▸ **THE TASK**
Where the line with "WRL ACCESS POINT" appears below, start writing out lines exactly, and finish with the line with "aunts & uncles", which is included; write out nothing else.

[[ INPUT FOR THIS TASK, beginning ]]

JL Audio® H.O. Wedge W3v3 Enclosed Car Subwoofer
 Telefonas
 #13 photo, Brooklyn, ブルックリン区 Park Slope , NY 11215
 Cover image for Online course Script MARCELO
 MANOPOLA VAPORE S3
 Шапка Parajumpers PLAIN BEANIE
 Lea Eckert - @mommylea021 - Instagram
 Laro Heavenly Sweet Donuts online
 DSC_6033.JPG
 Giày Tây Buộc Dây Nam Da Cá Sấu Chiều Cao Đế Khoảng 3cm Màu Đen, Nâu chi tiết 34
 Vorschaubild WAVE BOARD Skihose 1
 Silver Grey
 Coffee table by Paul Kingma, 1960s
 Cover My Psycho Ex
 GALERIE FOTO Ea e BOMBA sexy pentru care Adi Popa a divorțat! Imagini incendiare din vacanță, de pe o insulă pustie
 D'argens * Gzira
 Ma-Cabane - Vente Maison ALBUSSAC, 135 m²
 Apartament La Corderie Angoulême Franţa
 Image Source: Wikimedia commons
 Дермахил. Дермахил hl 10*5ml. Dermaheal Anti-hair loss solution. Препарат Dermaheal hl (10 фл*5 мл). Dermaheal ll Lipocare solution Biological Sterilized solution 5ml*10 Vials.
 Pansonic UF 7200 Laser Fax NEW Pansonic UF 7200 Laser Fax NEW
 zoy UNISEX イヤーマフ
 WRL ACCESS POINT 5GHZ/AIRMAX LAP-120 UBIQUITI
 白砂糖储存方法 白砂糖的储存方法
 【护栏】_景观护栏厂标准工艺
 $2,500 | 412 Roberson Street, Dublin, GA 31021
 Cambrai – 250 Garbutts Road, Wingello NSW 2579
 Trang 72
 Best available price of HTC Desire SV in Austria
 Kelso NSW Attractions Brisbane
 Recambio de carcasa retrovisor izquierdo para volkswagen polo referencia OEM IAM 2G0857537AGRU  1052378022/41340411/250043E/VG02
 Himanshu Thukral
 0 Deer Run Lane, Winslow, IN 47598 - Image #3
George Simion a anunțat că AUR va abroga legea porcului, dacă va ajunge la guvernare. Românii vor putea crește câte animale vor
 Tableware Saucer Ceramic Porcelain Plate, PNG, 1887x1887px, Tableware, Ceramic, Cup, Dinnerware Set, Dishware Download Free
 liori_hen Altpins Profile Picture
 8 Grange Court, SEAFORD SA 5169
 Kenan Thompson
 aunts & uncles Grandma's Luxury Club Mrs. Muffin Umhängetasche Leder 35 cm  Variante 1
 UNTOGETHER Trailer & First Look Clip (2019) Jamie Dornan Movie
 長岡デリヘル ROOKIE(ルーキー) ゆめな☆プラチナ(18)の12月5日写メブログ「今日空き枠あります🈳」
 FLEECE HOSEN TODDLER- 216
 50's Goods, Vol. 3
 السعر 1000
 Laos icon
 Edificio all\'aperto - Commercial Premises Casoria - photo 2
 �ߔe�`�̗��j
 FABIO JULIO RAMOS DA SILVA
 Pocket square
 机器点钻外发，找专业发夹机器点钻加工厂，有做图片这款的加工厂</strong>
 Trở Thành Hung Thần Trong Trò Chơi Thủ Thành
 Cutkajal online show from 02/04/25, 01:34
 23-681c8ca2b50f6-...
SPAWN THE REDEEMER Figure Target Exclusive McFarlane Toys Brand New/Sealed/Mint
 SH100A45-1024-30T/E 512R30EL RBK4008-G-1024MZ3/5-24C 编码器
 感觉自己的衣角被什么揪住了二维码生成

[[ INPUT FOR THIS TASK, end ]]

▸ **RESULT OF THIS EXERCISE**
 WRL ACCESS POINT 5GHZ/AIRMAX LAP-120 UBIQUITI
 白砂糖储存方法 白砂糖的储存方法
 【护栏】_景观护栏厂标准工艺
 $2,500 | 412 Roberson Street, Dublin, GA 31021
 Cambrai – 250 Garbutts Road, Wingello NSW 2579
 Trang 72
 Best available price of HTC Desire SV in Austria
 Kelso NSW Attractions Brisbane
 Recambio de carcasa retrovisor izquierdo para volkswagen polo referencia OEM IAM 2G0857537AGRU  1052378022/41340411/250043E/VG02
 Himanshu Thukral
 0 Deer Run Lane, Winslow, IN 47598 - Image #3
George Simion a anunțat că AUR va abroga legea porcului, dacă va ajunge la guvernare. Românii vor putea crește câte animale vor
 Tableware Saucer Ceramic Porcelain Plate, PNG, 1887x1887px, Tableware, Ceramic, Cup, Dinnerware Set, Dishware Download Free
 liori_hen Altpins Profile Picture
 8 Grange Court, SEAFORD SA 5169
 Kenan Thompson
 aunts & uncles Grandma's Luxury Club Mrs. Muffin Umhängetasche Leder 35 cm  Variante 1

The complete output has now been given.